El pasado 23 de mayo, nuestro hermano país de El Salvador vivió una fiesta social y religiosa como nunca antes en su historia. Monseñor Óscar Arnulfo Romero, “el obispo mártir”, después de 35 años de su muerte, fue beatificado por el Vaticano ante una multitud de más de 300 mil personas reunidas en la capital salvadoreña.
Como se recuerda, monseñor Romero o “San Romero de América”, como cariñosamente lo llama la gente desde hace algunos años, murió asesinado el 24 de marzo de 1980, hecho que marcó el inicio de la guerra civil (1980-1992) librada entre la guerrilla del Frente Farabundo Martí para la Liberación Nacional (FMLN) y el Ejército Salvadoreño, financiado por el Gobierno de los Estados Unidos, con el apoyo de la derecha salvadoreña representada por partidos como la Alianza Republicana Nacionalista (ARENA).

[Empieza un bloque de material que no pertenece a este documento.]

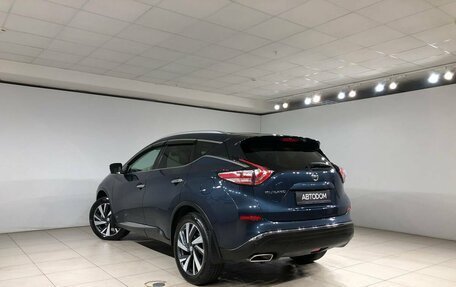 Nissan Murano, 2021 год, 3 375 000 рублей, 4 фотография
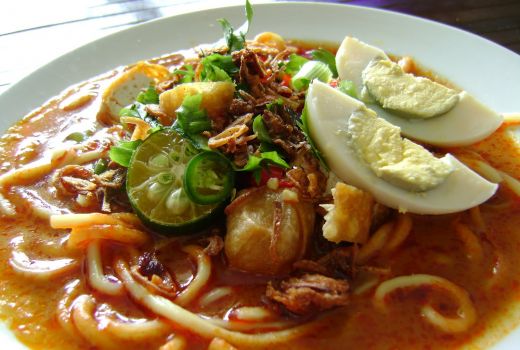 Mie Lendir, Panganan Lezat Khas Kepri yang Wajib Dicoba - GenPI.co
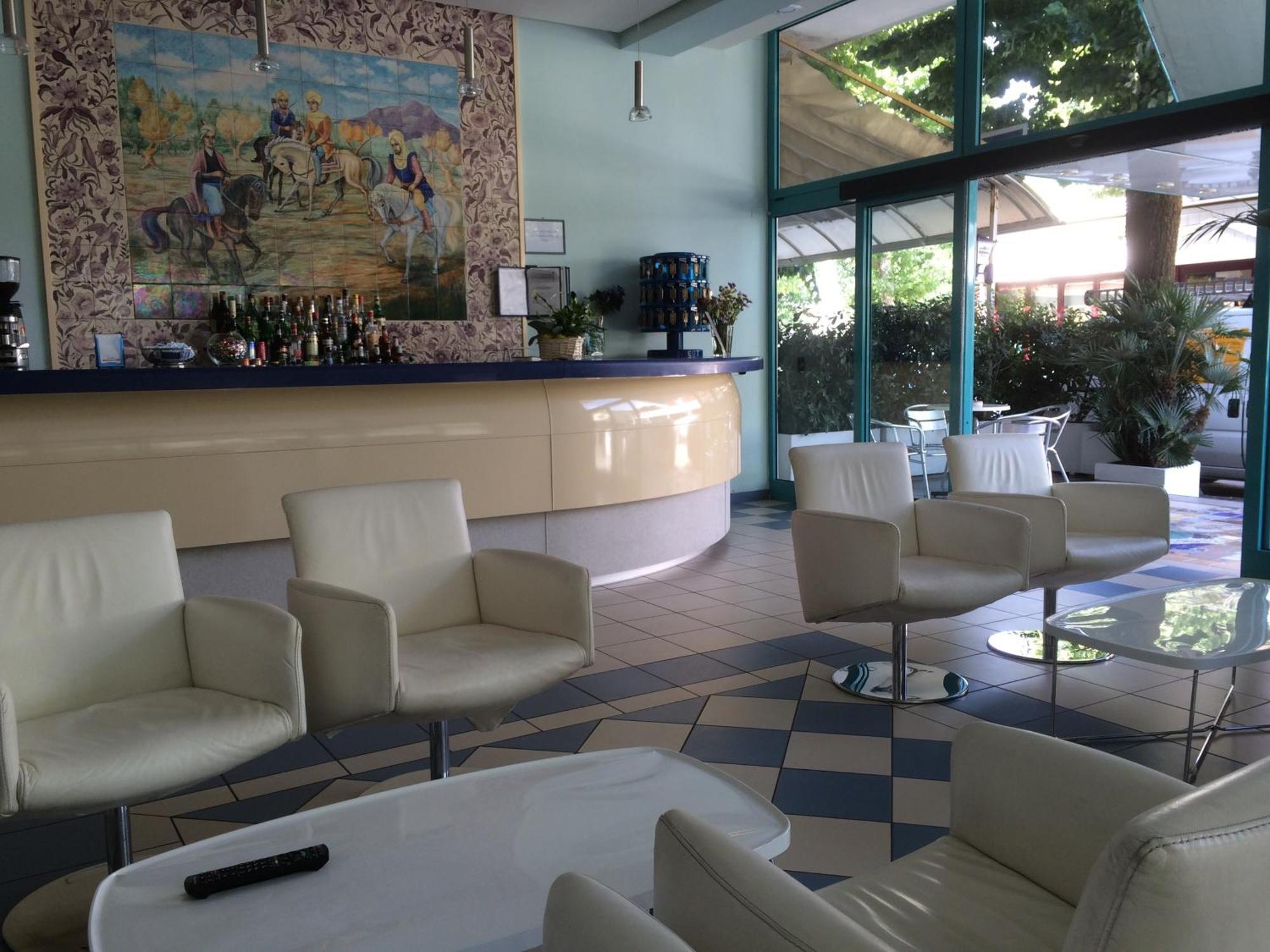 Hotel Sultano Rimini Esterno foto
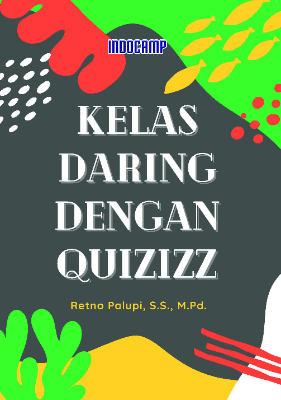 Sampul buku Kelas Daring Dengan ...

Sobre ello, la Comisión de la Verdad de la ONU, que investigó las violaciones a los derechos humanos durante el conflicto armado salvadoreño, determinó que Roberto D” Aubuisson, ex mayor del Ejército y fundador de ARENA fue quien dio la orden de asesinar a monseñor Romero, a quien los sectores conservadores de ese país, así como también la propia Iglesia Católica (una importante facción) lo acusó de ser un marxista, comunista y guerrillero encubierto.
Monseñor Romero fue asesinado una tarde calurosa en plena misa, el fatídico disparo que acabó con su vida puso punto final a tres años de labor arzobispal durante los cuales denunció la violencia (izquierdista o derechista) que azotaba a su pueblo, sobre todo a los más pobres, así como también la injustica social y política que se vivía en un país en el cual un puñado de familias (menos de 20, según los historiadores salvadoreños) controlaban el destino de 4 millones de personas.

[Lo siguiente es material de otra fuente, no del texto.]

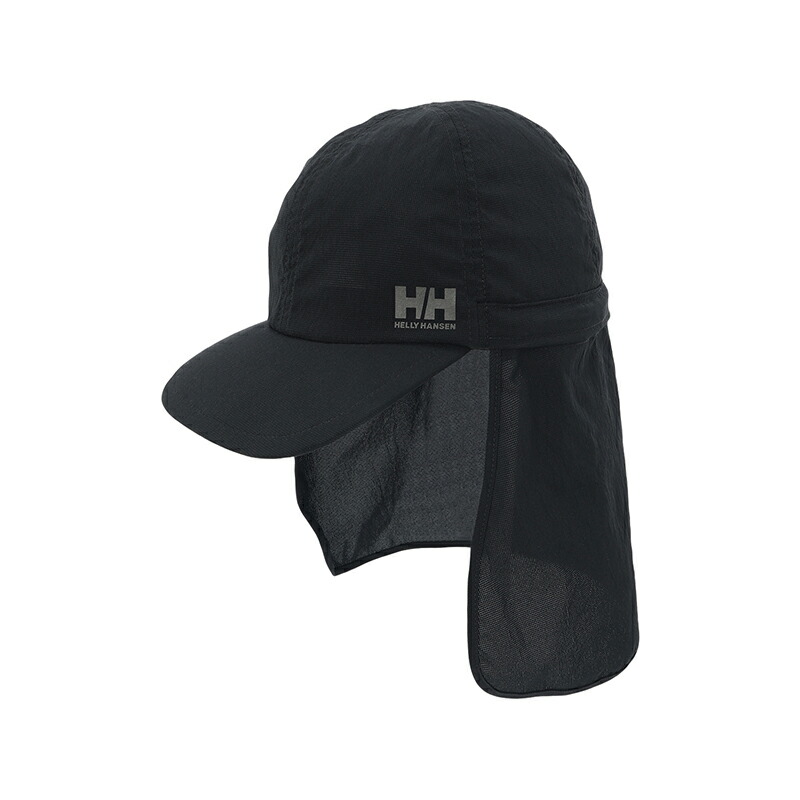 HELLY HANSEN(ヘリーハンセン) ヴァンレックエアサンシェードキャップ HC92609 全2色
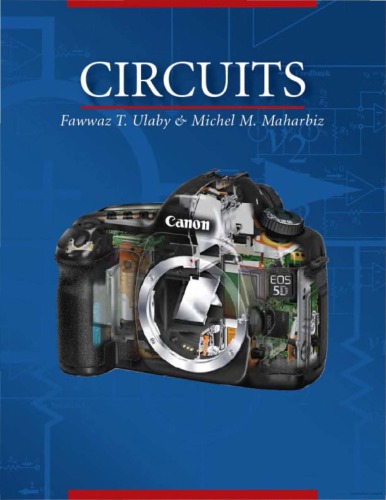 Circuits Fawwaz T Ulaby Michel M Maharbiz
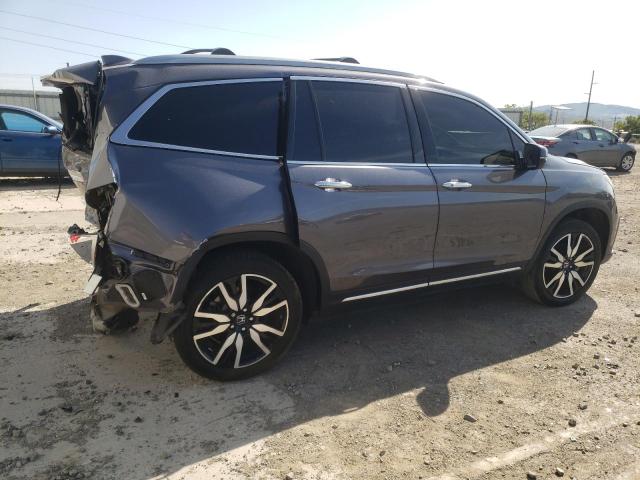 Image 3 of 2019 HONDA PILOT ELITE 2019 with VIN 5FNYF6H00KB004658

Hoy sabemos que tras la muerte del arzobispo Luis Chávez, su antecesor, el Vaticano lo buscó porque lo consideraba un sacerdote mucho más “conservador”. Es decir, monseñor Romero le aseguraba a Roma un perfil contrario al de Chávez, sacerdote a quien el Gobierno salvadoreño acusó de ser un “defensor de la insurgencia marxista”.
Sin embargo, al poco tiempo de iniciar sus labores arzobispales, monseñor Romero se dio cuenta del peligro que representaba para su pueblo el inicio de una guerra civil abierta. Por ello, con firmeza y voluntad decidió enfrentar la delirante represión desatada en su país.

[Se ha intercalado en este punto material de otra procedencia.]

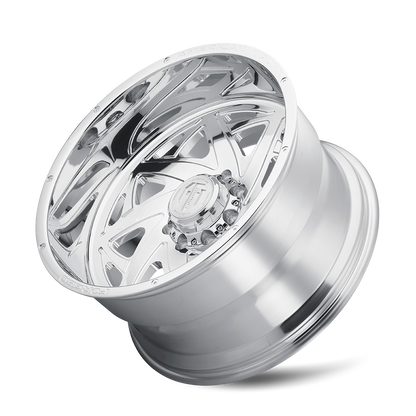 AMERICAN TRUXX FORGED KRONOS ATF1910 24X14 -76 8x170 POLISHED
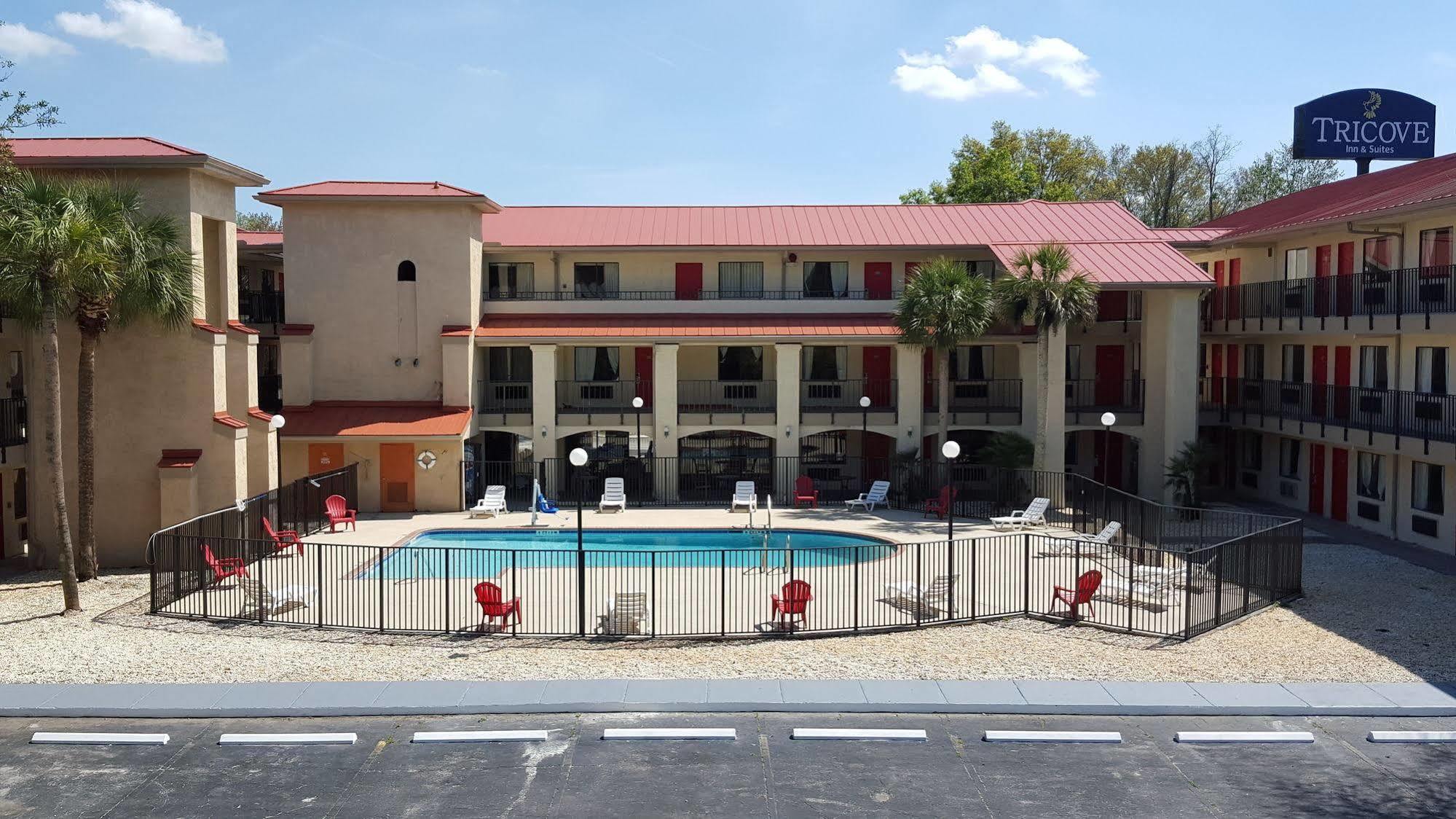 Tricove Inn & Suites Jacksonville Eksteriør billede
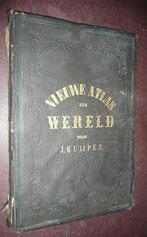 96 x ATLAS + kaarten: Bosatlas, Bartholomew Collins, Kuyper, Boeken, Atlassen en Landkaarten, Ophalen of Verzenden, Landkaart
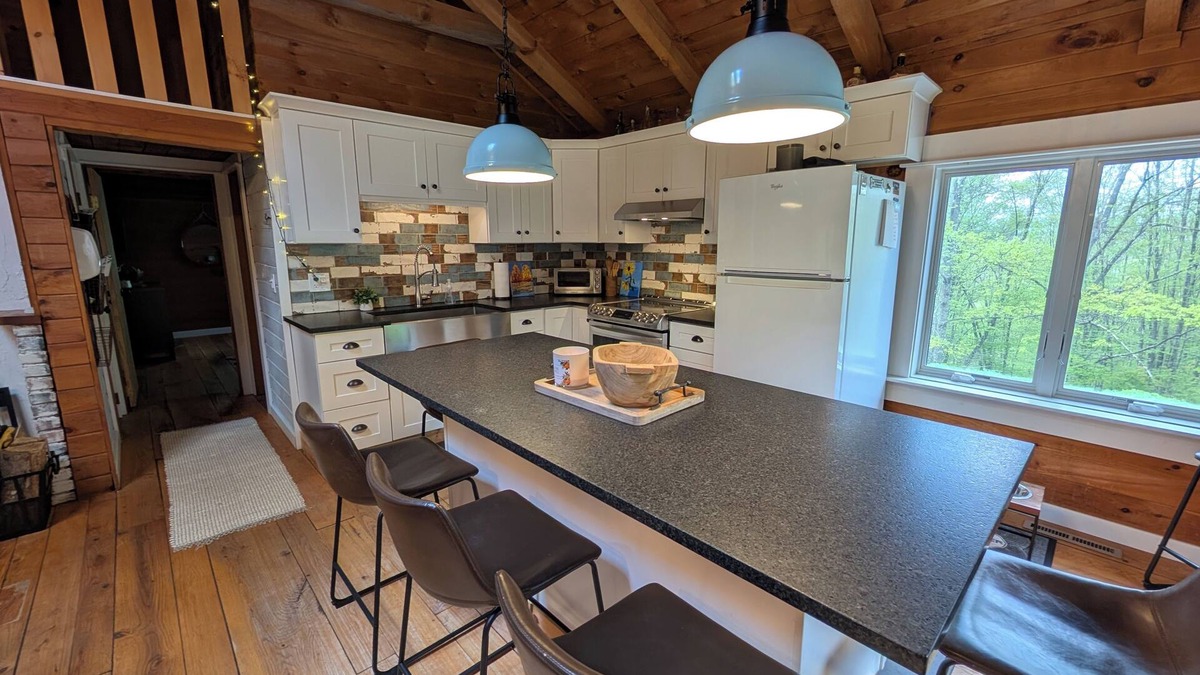Denver Cabin | Log cabin Close to skiing, hiking, shopping and dining!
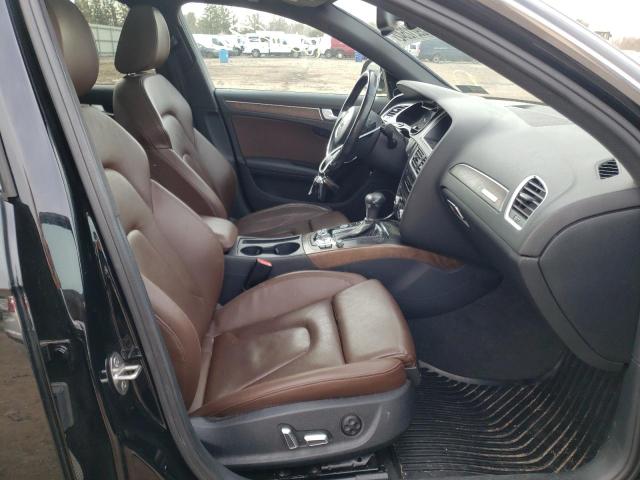 2015 AUDI A4 ALLROAD WA1UFAFL0FA031835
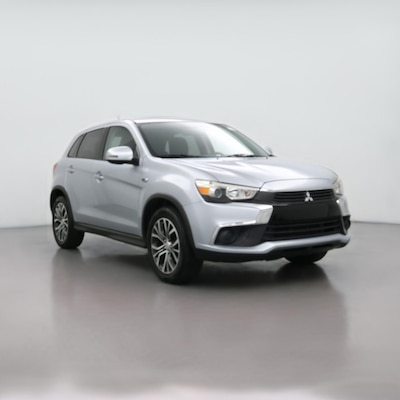 Silver 2016 Mitsubishi Outlander Sport ES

Las desapariciones y asesinatos aumentaban de manera exponencial, ni siquiera los religioso estaban a salvo, prueba de ello fue el asesinato de Rutilio Grande, jesuita amigo suyo cuya muerte no hizo más que endurecer la posición crítica de monseñor Romero frente a los responsables de la violencia en El Salvador.
En medio del horror, durante sus años como arzobispo, tiempo en el cual logró retardar al máximo el inicio de la guerra civil, monseñor Romero estuvo sólo. Así lo recuerda su biógrafo y ex secretario, monseñor Jesús Delgado, al señalar que cuando monseñor Romero viajó a Roma para informarle al Papa Juan Pablo II sobre el terror que se vivía en su país, no recibió el respaldo y el apoyo que él esperaba dada la magnitud de la tragedia salvadoreña.
A pesar de la adversidad, monseñor Romero siguió luchando tercamente, con el único fusil que cargó durante toda su vida el “evangelio”, inspirado en los valores y principios de lo que ahora conocemos con el nombre de Teología de la Liberación, pues si hubo alguien que vivió e hizo suya la denominada “opción preferente por los pobres”, ese fue, sin lugar a dudas, monseñor Romero.
Monseñor Romero nunca se destacó por ser un dogmático o doctrinario del catolicismo, lo hizo más bien por vivir su cristiandad al lado de los que más sufren, compartiendo sus temores, miedos y desesperanzas, haciendo suyo el dolor de los cientos de salvadoreños que creyeron encontrar consuelo en su prédica y ejemplo. Como diría Ricardo Urioste, “Romero no era guerrillero, y tampoco tuvo influencia ni de los rusos ni de los cubanos, porque sus homilías nacieron de la vivencia que día a día tenía con las personas”.
A la muerte de monseñor Romero, se desató lo que él tanto temía, una guerra civil que arrojaría el fatídico saldo de 75 mil muertos y 8 mil desparecidos, en doce años de sangriento enfrentamiento. Esta fue, como dicen los propios salvadoreños, una época de dolor, terror y sangre, la misma que llegó a su fin con la firma de los Acuerdos de Paz de Chapultepec (México) recién en 1992. En otras palabras, el asesinato de monseñor Romero fue el detonante para el comienzo de la guerra interna salvadoreña.
Al respecto, Ovidio Mauricio, uno de los mayores referentes del movimiento de derechos humanos salvadoreño, afirma que “los que estaban por una opción de guerra en El Salvador la apresuraron al asesinar a Romero”. En esa misma línea, David Morales, el procurador de Derechos Humanos, ha señalado categóricamente que “eliminar a monseñor Romero era un objetivo que le permitió al Estado salvadoreño, Fuerzas Armadas y grupos paramilitares profundizar prácticas genocidas de ataque a la población civil”.
Coincidencia o no, lo cierto es que al cabo de dos meses del asesinato de monseñor Romero, el 14 de mayo de 1980 se produjo la primera de las grandes masacres perpetradas por los soldados de la Guardia Nacional, quienes asesinaron a unas 600 personas en las orillas del Río Sumpul, departamento de Chalatenango.
Como ya lo señalé, tuvieron que pasar 35 años para que el nombre y la obra de monseñor Romero sea reivindicada, incluso por el mismo sector de la derecha política y católica salvadoreña y latinoamericana que durante tanto tiempo se encargó de mancillar su memoria calificándolo de guerrillero o terrorista. Por ello, la beatificación de monseñor Romero tiene un halo de justicia poética, pues no deja de parecer irónico que quienes obstaculizaron el proceso de beatificación, hoy salgan a las calles a festejarla exigiendo su canonización.